Some of the stories one hears about weddings and their aftermath makes one not want to go to or accept wedding invitations. Recently, a bride sent a bill of $240 to each person who failed to show up on her wedding day. This cost was the per head charge by the venue organisers, meaning she was telling those who received this bill that she paid for their food and drink but because they didn’t show up they needed to reimburse her for it.
Hang on a minute, I thought that weddings were supposed to be happy occasions and newlyweds tend to enjoy what one might call ‘a honeymoon period’ during which time the couple enjoy travelling, getting to know each other more and generally enjoying each other’s company. It’s also probably the time when they begin planning for their future such as saving for a house, where they would eventually like to live when they have children, the sort of schools they would go to, etc. etc. But, from what I can see, not in this case. In this case, the bride and groom appear to be busily targeting people who didn’t show up at their wedding.

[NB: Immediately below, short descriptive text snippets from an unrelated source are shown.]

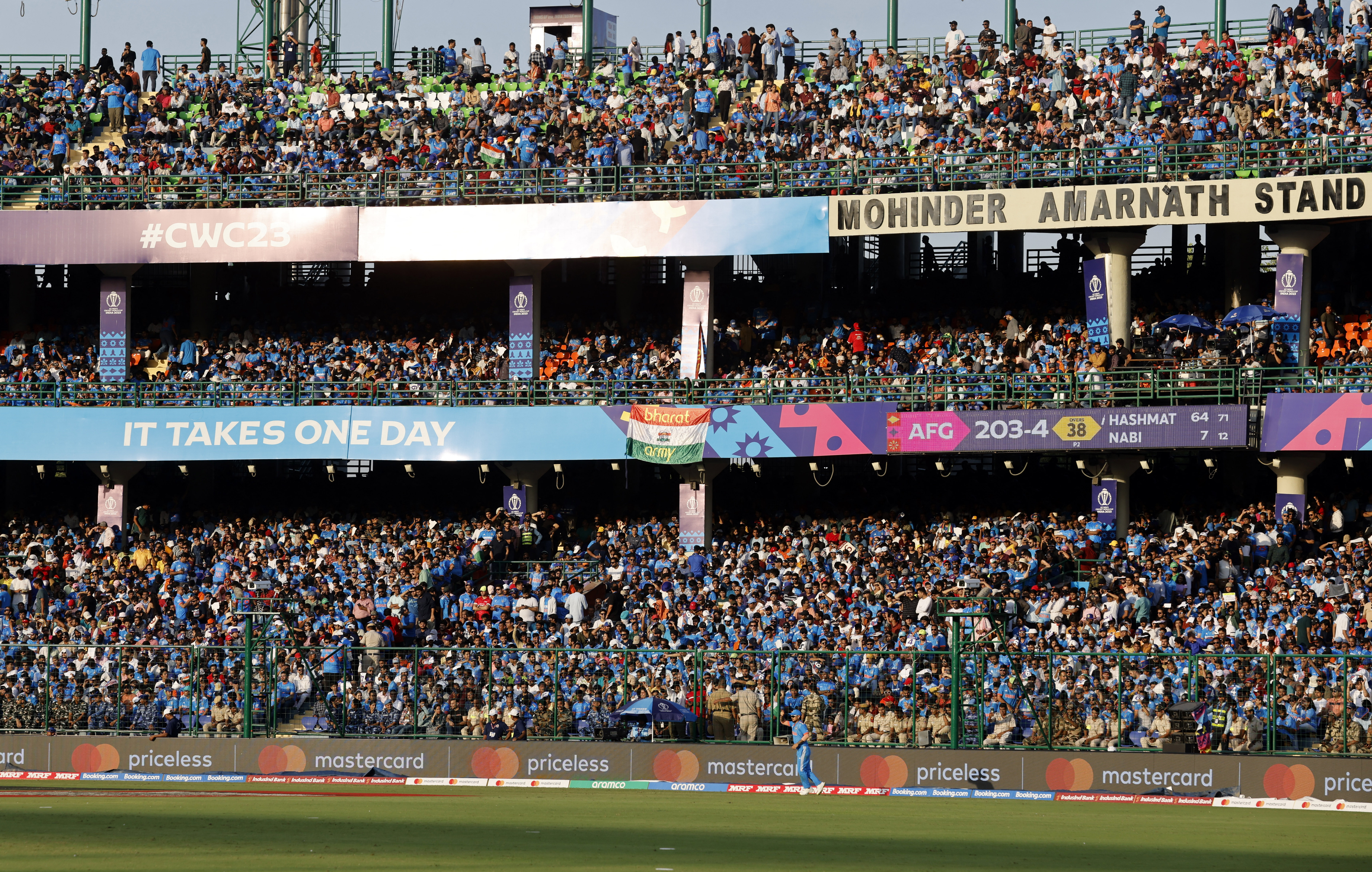 India fans in the stands in Arun Jaitley Stadium, Delhi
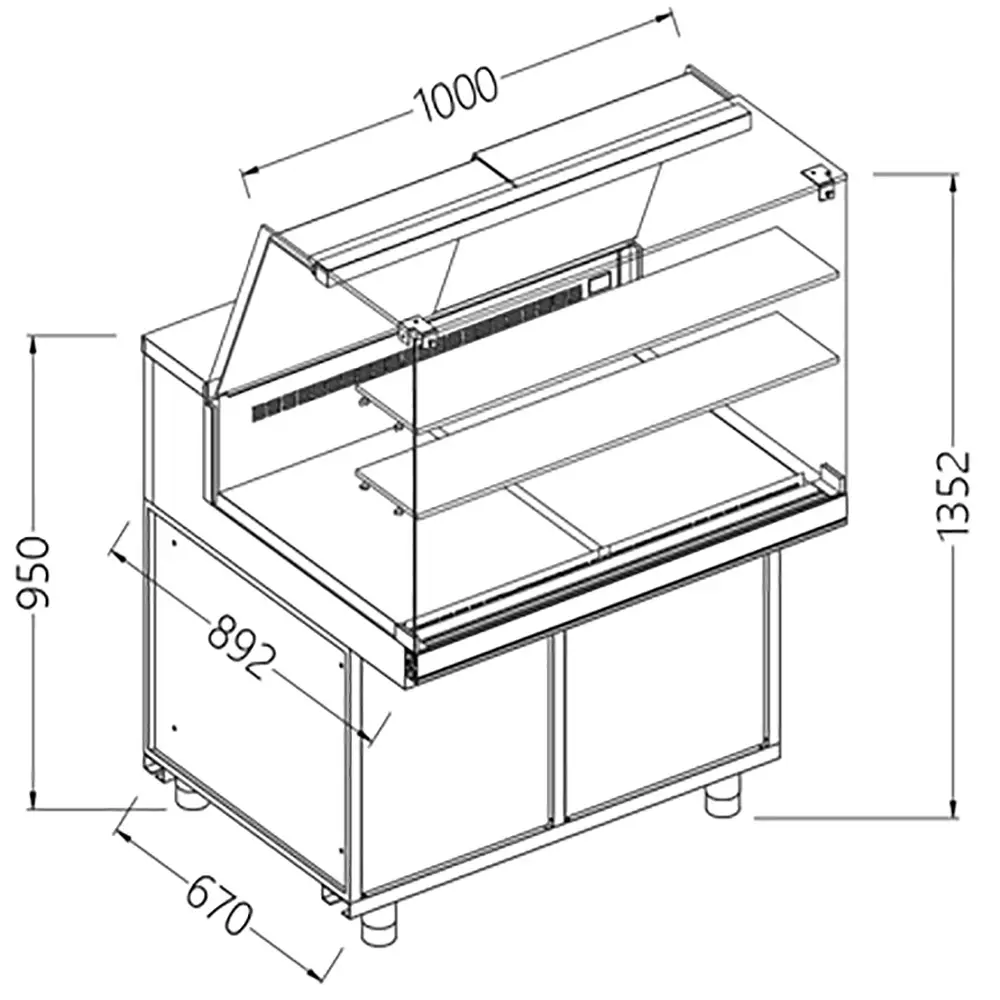 Diamond VA10XR Snack Patisserie Display Counter, 1000mm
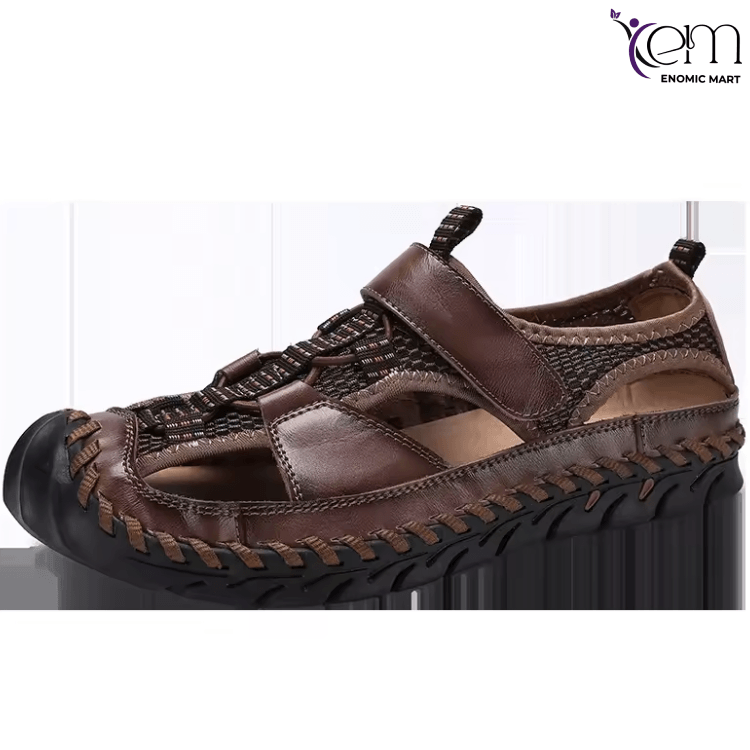 Genuine Leather Upper Closed Toe Men Sport Sandals Men's Hiking Trekking Climbing Mountain Sandals
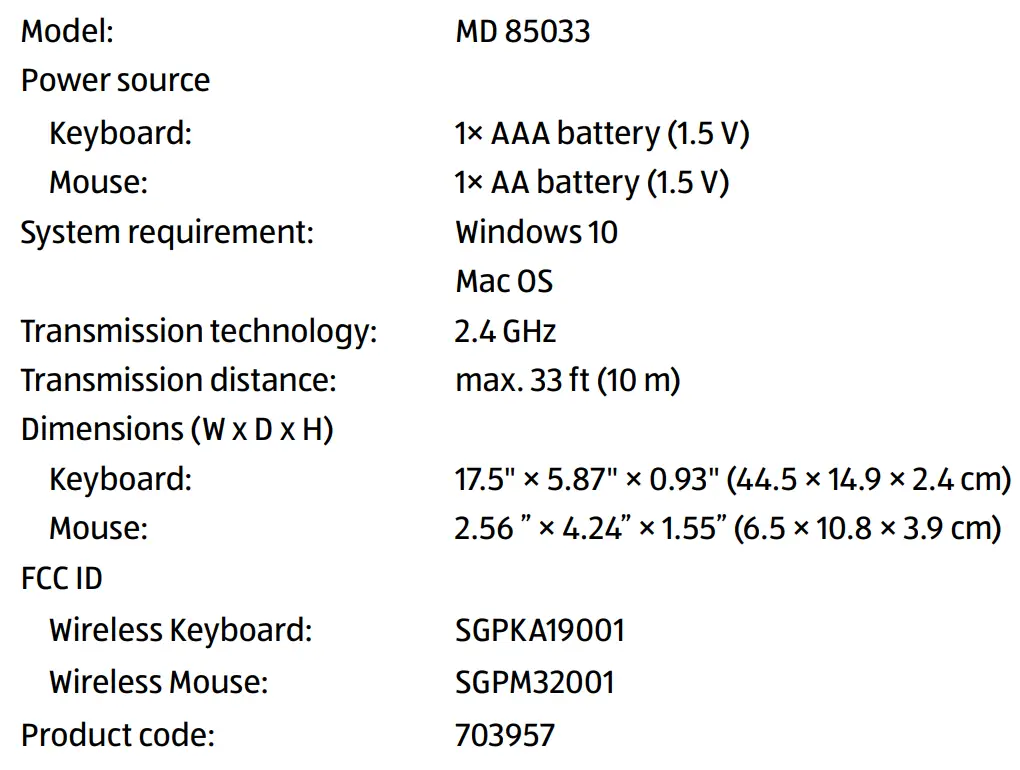 MEDION 85033 Wireless Keyboard and Mouse Set Instruction Manual - Technical data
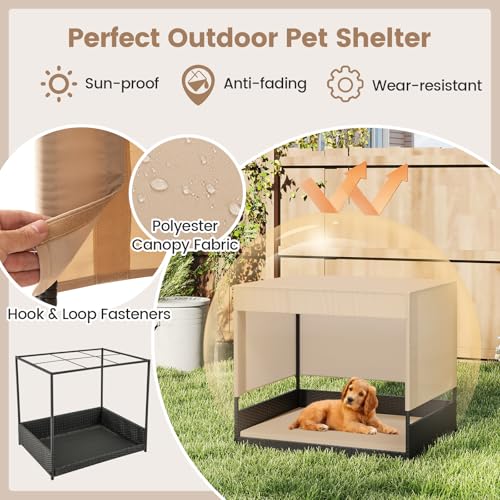 Tangkula Elevated Wicker Dog House for Small to Medium Breeds, Raised Rattan Pet Sofa Bed with Removable Cushion, Canopy Roof, Indoor & Outdoor Puppy Cat Shade Shelter for Patio, Yard, Garden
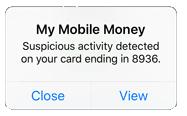 If the fraud monitoring service suspects that a transaction might be fraud, you will receive an alert on your phone.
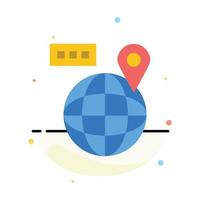 World Map Navigation Location Abstract Flat Color Icon Template vector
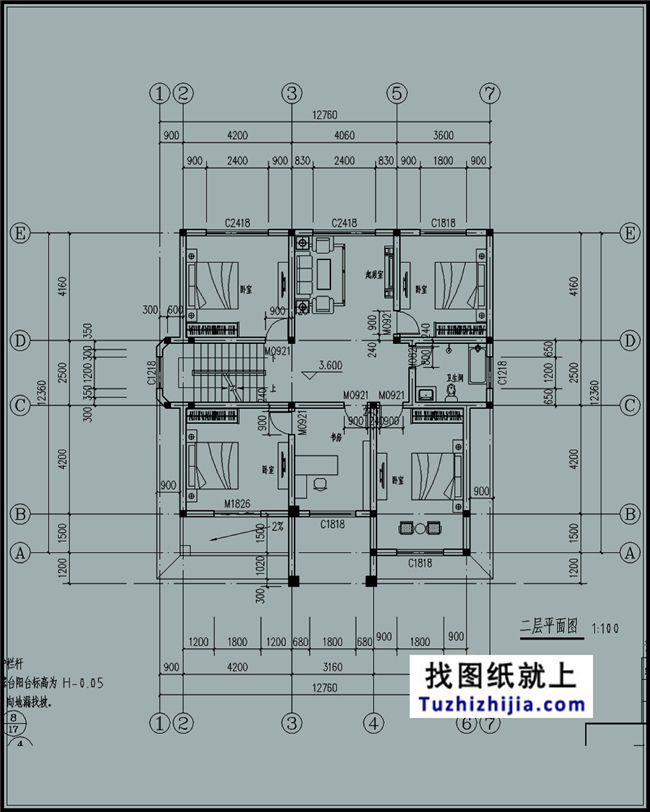 153平方米自建三層別墅設(shè)計(jì)建筑圖紙帶外觀，13x12米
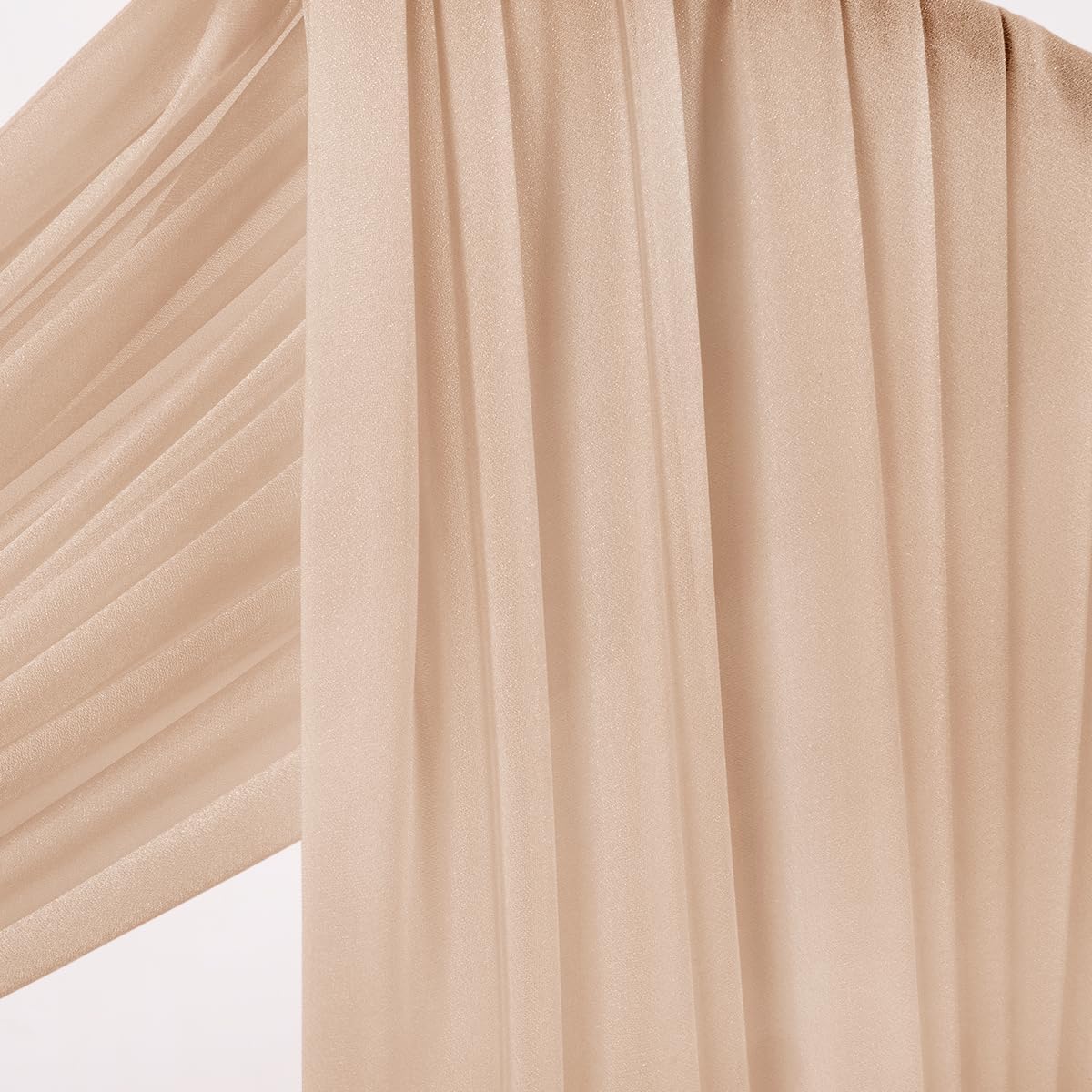 Socomi Wedding Arch Draping Fabric 29" x 20Ft 4 Panels Nude Sheer Outdoor Curtain Drapes Extra Long for Bridal Baby Shower Ceremony Birthday Party Decor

To be honest, I wonder whose fault this is. Is it the guest who failed to show up at the last minute or is it the bride and groom for inviting people who, perhaps, weren’t really their real or close friends? I’m sure it can happen. In the anticipated excitement of your wedding, you want everyone to know you’re getting married and, in that excitement, the chances are you end up adding to your guest list people you barely know or those you haven’t seen in years. And maybe it was just to show everyone you were getting married. Those people were probably surprised at receiving an invitation and half-heartedly accepted it, perhaps fully intending to come because they didn’t want to offend. But at the last minute, either they had a change of heart or something came up but in both cases they either forgot or weren’t able to tell you they weren’t coming. You know, this might indeed be the case if you barely knew each other.
Wedding guest lists tend to be fairly long and the bride and groom, and their parents, don’t always have the time to meet and thank those who attended. I’m sure many guests have gone away not having had the chance to meet the happy couple. The guest list tends to be so long that many guests can be overlooked, feeling almost snubbed by the couple.
So my question is, is it okay for the bride and groom to want to be financially compensated by those on the guest list for non-attendance? I feel not. I wonder what kind of memories they will be creating when they send out a bill straight after they’ve said the vows. The thing is, when you marry, memories of the day are created for you and your new spouse as well as for those who attended, and that is priceless. But do newlyweds really want to be resented by anyone on their guest list, even if they didn’t turn up? By issuing a bill to those who were a no-show is surely creating bad memories for not only those who didn’t attend, and thus received a bill, but for those who did too, because word will get around.
Resentment can also be created in the hearts and minds of the non-attendees because, as far as they’re concerned, they had good reasons for not attending and good reasons for not being able to let you know that they couldn’t come. As far as they’re concerned, you might be just looking to make money.
I don’t get it. I was always under the impression that when a group was booking at a venue, and in the case of a wedding it’s a huge group, some kind of group discount was always factored in to the quote so that if there were some no-shows, they were covered. Surely it’s all factored in just in case some people don’t turn up?
I certainly hope that this does not become a trend. It will have one of two outcomes. Either people on the guest list will force themselves to show up, even if they don’t want to and be resentful throughout the event, just in case they are billed for showing up when they said they would, or some people will just decline because they won’t want to have to deal with a bridezilla.
You know, the whole scenario could be turned on its head by people on the guest list. If a wedding is cancelled because either party decided it was a mistake to marry, then would it be acceptable to the couple to be billed for the expenses incurred by guests to attend? For example, if someone booked a plane ticket, or travelled across the country, to attend, would it be okay to send the bride and groom that bill? I guarantee, that cost is likely to be far higher than the cost of a dinner!